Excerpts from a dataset
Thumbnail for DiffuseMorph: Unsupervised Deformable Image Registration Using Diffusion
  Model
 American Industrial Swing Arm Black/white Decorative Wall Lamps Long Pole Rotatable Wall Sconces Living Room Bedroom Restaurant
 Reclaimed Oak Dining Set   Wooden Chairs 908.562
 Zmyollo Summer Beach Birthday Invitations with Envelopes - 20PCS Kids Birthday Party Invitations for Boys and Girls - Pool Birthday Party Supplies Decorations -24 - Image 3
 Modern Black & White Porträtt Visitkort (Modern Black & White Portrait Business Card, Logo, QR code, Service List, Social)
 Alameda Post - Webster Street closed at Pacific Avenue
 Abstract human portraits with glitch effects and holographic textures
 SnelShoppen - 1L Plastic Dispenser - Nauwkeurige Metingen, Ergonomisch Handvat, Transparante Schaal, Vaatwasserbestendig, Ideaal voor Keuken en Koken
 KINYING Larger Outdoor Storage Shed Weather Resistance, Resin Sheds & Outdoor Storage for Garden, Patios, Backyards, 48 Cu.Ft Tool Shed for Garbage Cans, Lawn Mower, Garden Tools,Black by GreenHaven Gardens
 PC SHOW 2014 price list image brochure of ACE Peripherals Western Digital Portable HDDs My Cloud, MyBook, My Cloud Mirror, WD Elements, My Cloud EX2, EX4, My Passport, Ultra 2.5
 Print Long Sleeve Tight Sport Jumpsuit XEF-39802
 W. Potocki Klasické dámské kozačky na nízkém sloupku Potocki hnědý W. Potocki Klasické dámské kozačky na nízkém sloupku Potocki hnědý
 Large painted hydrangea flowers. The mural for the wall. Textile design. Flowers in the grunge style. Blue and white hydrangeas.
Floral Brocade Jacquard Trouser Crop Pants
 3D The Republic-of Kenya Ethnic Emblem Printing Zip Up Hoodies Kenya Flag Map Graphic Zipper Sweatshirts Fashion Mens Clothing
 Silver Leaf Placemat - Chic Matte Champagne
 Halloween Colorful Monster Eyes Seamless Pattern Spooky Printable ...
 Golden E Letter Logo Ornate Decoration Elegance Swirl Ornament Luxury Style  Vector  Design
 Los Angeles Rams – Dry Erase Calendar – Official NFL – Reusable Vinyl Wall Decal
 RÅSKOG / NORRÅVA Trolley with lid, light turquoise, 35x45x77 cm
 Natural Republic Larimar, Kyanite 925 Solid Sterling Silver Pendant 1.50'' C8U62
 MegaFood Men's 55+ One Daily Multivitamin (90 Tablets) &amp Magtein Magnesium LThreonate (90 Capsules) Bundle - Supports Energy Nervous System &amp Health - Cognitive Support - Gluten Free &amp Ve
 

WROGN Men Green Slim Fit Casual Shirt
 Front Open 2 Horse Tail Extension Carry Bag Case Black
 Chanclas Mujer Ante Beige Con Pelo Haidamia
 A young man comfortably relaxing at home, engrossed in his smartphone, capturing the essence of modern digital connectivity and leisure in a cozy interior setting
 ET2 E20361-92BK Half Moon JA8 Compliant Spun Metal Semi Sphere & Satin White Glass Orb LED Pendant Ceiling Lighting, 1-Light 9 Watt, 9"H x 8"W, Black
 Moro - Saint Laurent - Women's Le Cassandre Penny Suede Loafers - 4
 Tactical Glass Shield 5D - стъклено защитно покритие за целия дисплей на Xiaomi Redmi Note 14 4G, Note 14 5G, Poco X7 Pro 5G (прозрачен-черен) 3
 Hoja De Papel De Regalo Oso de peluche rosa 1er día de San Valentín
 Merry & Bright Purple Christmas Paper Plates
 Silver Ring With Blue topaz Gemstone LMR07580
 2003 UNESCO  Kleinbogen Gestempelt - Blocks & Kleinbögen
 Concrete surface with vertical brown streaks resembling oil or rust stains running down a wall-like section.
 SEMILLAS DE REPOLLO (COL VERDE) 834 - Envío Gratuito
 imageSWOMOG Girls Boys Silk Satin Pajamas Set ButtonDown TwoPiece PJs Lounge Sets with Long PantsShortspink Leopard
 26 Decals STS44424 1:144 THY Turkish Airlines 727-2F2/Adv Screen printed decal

- What to do
Among the lines of the data, which ones contain the word "Long"? Show them.

- Exercise answer
 American Industrial Swing Arm Black/white Decorative Wall Lamps Long Pole Rotatable Wall Sconces Living Room Bedroom Restaurant
 Print Long Sleeve Tight Sport Jumpsuit XEF-39802
 imageSWOMOG Girls Boys Silk Satin Pajamas Set ButtonDown TwoPiece PJs Lounge Sets with Long PantsShortspink Leopard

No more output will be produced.